La globalización, cualquier cosa que eso signifique ahora o en el futuro, ha puesto en movimiento dos tendencias contradictorias entre sí. La regionalización que busca consolidar bloques plurinacionales frente a una realidad global cargada de amenazas competitivas. Y la fragmentación nacional, con la que grupos humanos diversos buscan reforzar su identidad frente a un mundo MacDonald que amenaza sus especificidades culturales. Y el observador no puede evitar una impresión de fin de época. Mientras los ideólogos planchan las arrugas del presente convirtiendo todo en expresión de fuerzas angelicales o satánicas, la realidad revela una complejidad inédita.
Ernst Jünger decía que la existencia colectiva es un plebiscito en que el sí expresa la necesidad y el no la libertad. Y añadía, que cuando estas dos fuerzas contradictorias se separan radicalmente una de otra, la historia enloquece. ¿Qué significa esto hoy? Significa algo muy sencillo: pocas veces como en estos años, para repetir la vieja fórmula de Umberto Eco, el mundo (y digámoslo en plata, especialmente América Latina) parecería dividirse entre apocalípticos e integrados. Entre una izquierda donde una moralidad milenarista toma a menudo el lugar de la capacidad de generar ideas originales y una derecha en que la historia es una necesidad que excluye la voluntad y, sobre todo, la voluntad de justicia.
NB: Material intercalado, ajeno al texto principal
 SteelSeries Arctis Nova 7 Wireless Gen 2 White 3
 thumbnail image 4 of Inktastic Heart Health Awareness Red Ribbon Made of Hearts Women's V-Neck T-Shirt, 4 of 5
Uno de los datos indiscutibles del presente es la pérdida (añadiré, dramática) de hegemonía cultural de parte de la izquierda: una historia que, entre altibajos, duró la friolera de medio siglo, en estos anos parecería cerrase. El pensamiento de izquierda se vuelve conservador, como si tuviera que administrar un mausoleo nacional-revolucionario atiborrado de glorias pasadas, estereotipos cansados y olvidos estratégicos. La URSS cayó dejando tras de sí un capitalismo salvaje, nostalgias zaristas y mafias poderosas. La versión tropical-cubana del estalinismo nos deja una modalidad vulgar del antiguo caudillismo caribeño y una economía de apartheid entre turistas extranjeros y ciudadanos cubanos. Y el vetusto nacionalismo revolucionario latinoamericano nos deja un legado de corrupción, gigantismo urbano, miseria rural y envilecimiento del Estado. Y sin embargo, se tiene a veces la impresión de que, para cierta cultura de izquierda, no pasó nada. La derrota anestesiada por la pereza intelectual y la retórica.
El desconcierto que produce en todos una historia que acelera sus cambios convierte muchos progresistas de antaño en vestales cuidadoras de verdades envejecidas: políticos que siguen prisioneros de idearios que corresponden a un mundo pretérito, intelectuales que hacen del sarcasmo un sustituto del pensamiento, académicos que viven entre los fantasmas de derrotas que sufrieron sin enterarse y periodistas que prefieren caminar siempre por el lado soleado de la calle convirtiendo la cultura progresista en una trivialidad politically correct.
De la derecha, el eterno sí jüngeriano que hoy toma las formas de una tecnocracia que convierte la política en un asunto de administración, no quiero ni hablar. No vendrán de ahí las novedades que el mundo necesita.